This paper quantifies the marginal willingness to pay for a reduction of automobile traffic. By using a new structural approach in a hedonic framework by Bishop and Timmins 2019 we are able to avoid common issues in hedonic studies using instrumental variables. Our analysis is based on data from nine large cities in Germany between 2016 and 2019 and includes 533,402 detailed observations at the apartment level as well as for various points of interest. To the best of our knowledge this is the first paper to conduct this analysis for Germany. We estimate that the average willingness to pay for a reduction of traffic by city and per year ranges between €30.3-59.2 for a 10% reduction, €93.8-158.3 for a 20% reduction and €190.6-252 for a 30% reduction. The highest willingness to pay for a reduction of traffic is observed in Frankfurt am Main, the lowest in Leipzig.
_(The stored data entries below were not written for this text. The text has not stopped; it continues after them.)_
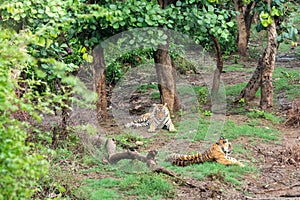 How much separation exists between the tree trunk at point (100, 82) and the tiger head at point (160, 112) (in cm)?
98

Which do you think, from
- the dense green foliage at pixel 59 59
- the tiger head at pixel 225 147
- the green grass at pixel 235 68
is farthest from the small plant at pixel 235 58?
the tiger head at pixel 225 147

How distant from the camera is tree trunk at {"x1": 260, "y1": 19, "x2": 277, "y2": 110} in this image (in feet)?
34.1

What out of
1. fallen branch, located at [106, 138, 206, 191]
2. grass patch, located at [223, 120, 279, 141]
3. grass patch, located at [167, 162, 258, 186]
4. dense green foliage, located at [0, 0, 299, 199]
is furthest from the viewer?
grass patch, located at [223, 120, 279, 141]

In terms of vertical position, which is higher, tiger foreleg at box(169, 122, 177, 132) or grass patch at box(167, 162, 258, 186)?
tiger foreleg at box(169, 122, 177, 132)

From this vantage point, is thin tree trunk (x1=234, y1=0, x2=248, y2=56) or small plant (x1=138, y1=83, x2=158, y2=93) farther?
thin tree trunk (x1=234, y1=0, x2=248, y2=56)

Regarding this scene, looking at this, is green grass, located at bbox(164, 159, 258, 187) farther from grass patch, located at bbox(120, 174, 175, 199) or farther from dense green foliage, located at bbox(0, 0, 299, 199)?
grass patch, located at bbox(120, 174, 175, 199)

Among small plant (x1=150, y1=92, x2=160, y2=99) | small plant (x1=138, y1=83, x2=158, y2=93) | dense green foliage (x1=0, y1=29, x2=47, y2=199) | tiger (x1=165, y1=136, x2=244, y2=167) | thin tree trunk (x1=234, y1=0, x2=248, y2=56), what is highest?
thin tree trunk (x1=234, y1=0, x2=248, y2=56)

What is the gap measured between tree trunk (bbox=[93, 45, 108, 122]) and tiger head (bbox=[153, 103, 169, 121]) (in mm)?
975

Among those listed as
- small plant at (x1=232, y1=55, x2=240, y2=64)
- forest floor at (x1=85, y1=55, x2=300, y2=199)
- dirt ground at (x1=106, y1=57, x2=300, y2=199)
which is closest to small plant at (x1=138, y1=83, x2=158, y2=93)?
forest floor at (x1=85, y1=55, x2=300, y2=199)

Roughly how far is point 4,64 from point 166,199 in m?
3.24

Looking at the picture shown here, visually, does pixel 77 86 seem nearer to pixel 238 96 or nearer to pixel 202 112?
pixel 202 112

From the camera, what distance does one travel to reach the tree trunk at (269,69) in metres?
10.4

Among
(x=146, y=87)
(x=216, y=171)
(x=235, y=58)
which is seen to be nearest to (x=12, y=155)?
(x=216, y=171)

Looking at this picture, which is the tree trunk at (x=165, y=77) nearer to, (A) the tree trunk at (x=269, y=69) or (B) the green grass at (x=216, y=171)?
(A) the tree trunk at (x=269, y=69) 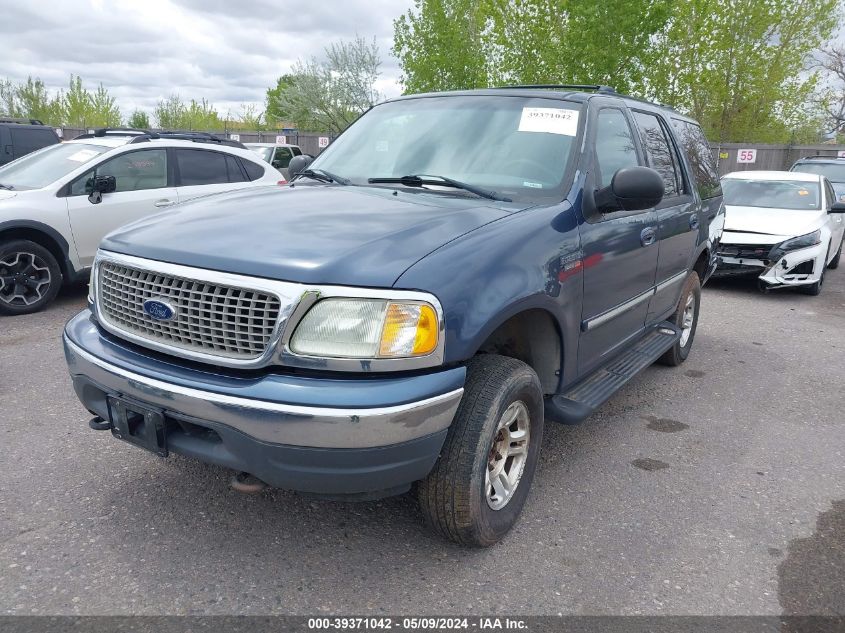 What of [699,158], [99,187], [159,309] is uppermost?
[699,158]

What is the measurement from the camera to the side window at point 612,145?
11.6 feet

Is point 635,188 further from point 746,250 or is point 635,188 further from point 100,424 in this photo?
point 746,250

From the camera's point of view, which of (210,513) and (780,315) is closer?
(210,513)

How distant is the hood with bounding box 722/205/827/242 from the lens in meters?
8.52

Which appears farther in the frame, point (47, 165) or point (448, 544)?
point (47, 165)

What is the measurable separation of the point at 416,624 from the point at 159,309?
147 cm

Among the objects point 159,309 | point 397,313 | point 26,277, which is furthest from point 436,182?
point 26,277

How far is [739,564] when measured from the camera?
9.21 feet

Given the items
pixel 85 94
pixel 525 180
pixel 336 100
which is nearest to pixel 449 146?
pixel 525 180

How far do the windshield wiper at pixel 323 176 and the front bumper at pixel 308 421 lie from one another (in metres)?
1.53

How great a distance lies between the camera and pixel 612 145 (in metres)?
3.74

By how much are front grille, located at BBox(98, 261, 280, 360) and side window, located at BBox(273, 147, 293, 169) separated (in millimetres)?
14877

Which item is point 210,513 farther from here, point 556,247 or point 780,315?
point 780,315

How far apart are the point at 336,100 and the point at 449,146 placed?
29.8 meters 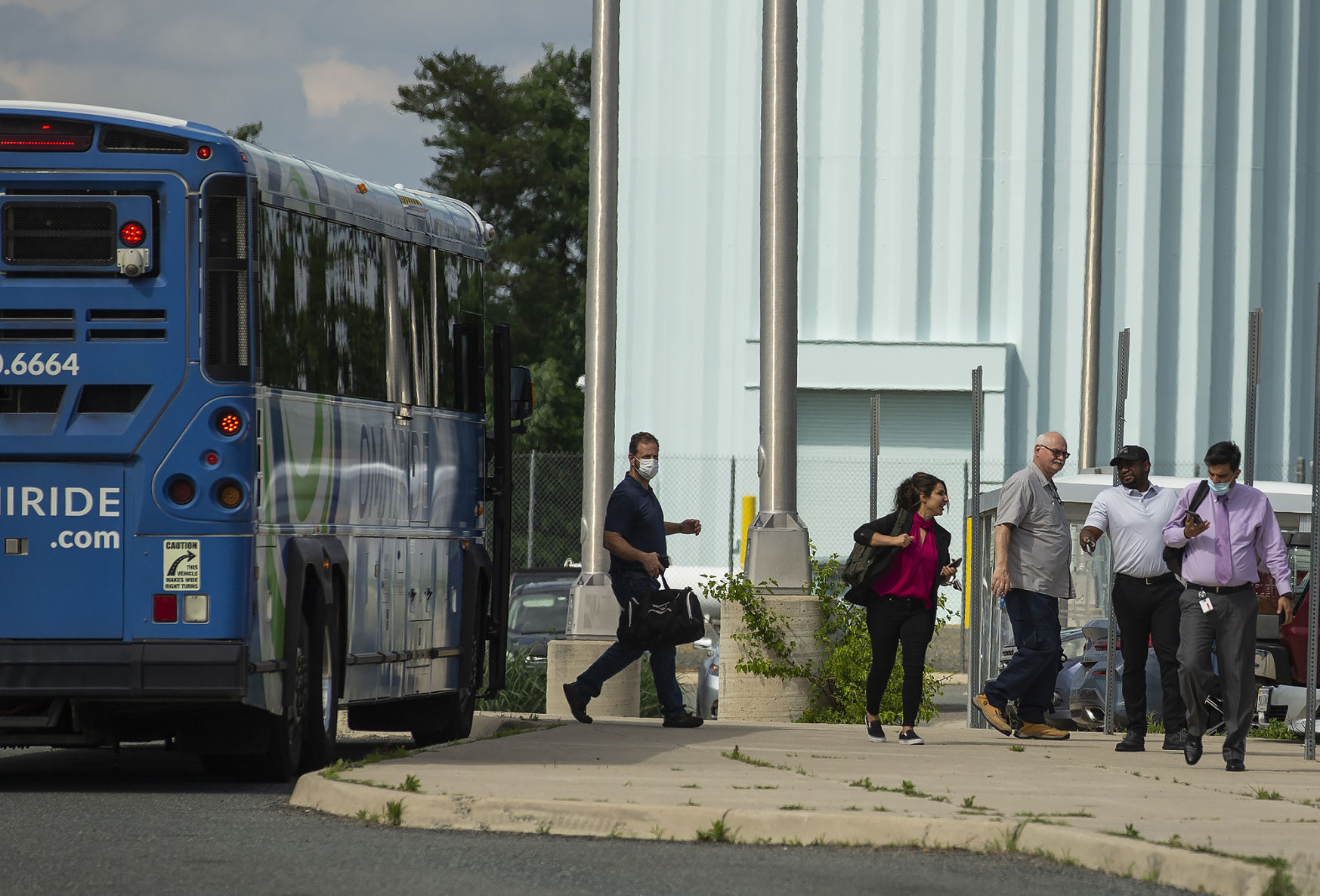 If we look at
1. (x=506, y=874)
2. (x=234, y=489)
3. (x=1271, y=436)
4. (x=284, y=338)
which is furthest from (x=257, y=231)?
(x=1271, y=436)

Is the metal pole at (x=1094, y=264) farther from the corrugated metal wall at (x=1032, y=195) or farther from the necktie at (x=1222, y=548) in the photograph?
the necktie at (x=1222, y=548)

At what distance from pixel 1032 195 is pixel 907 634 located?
67.5ft

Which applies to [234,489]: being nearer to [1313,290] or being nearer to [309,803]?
[309,803]

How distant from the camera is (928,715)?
17062 millimetres

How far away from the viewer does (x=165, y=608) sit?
33.8ft

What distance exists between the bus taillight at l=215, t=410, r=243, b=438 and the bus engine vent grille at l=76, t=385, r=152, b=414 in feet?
1.37

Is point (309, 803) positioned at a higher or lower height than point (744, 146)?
lower

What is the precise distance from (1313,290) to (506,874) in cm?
2817

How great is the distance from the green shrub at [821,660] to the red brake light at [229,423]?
6.91 m

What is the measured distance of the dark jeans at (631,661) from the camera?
47.2ft

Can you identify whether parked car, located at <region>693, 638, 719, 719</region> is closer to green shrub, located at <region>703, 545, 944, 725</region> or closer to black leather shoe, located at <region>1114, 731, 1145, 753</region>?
green shrub, located at <region>703, 545, 944, 725</region>

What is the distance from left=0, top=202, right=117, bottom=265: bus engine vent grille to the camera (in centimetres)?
1052

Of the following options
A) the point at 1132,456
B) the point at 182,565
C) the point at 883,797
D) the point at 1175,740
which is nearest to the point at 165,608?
the point at 182,565

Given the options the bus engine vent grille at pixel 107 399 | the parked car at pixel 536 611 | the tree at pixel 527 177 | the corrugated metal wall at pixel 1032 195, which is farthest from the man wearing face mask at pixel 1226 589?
the tree at pixel 527 177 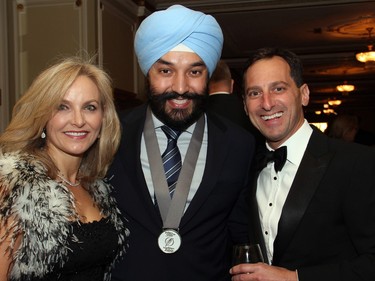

Further, we compute the expected gains for a reduction of traffic at the city level. In addition to the willingness to pay for a reduction of traffic, this considers the composition of the road network as well as for the number of households. Accordingly, these expected gains amount to €163,970-1,019,454€ for a 10% reduction, €484,023-3,261,837 for a 20% reduction, and €1,018,240-6,727,148 for a 30% reduction. The highest expected gains for a reduction of traffic is observed in Munich, the lowest in Leipzig

Suggested Citation

  • Wellmann, Nicolas & Czarnowske, Daniel, 2021. "What would households pay for a reduction of automobile traffic? Evidence from nine German cities," DICE Discussion Papers 361, Heinrich Heine University Düsseldorf, Düsseldorf Institute for Competition Economics (DICE).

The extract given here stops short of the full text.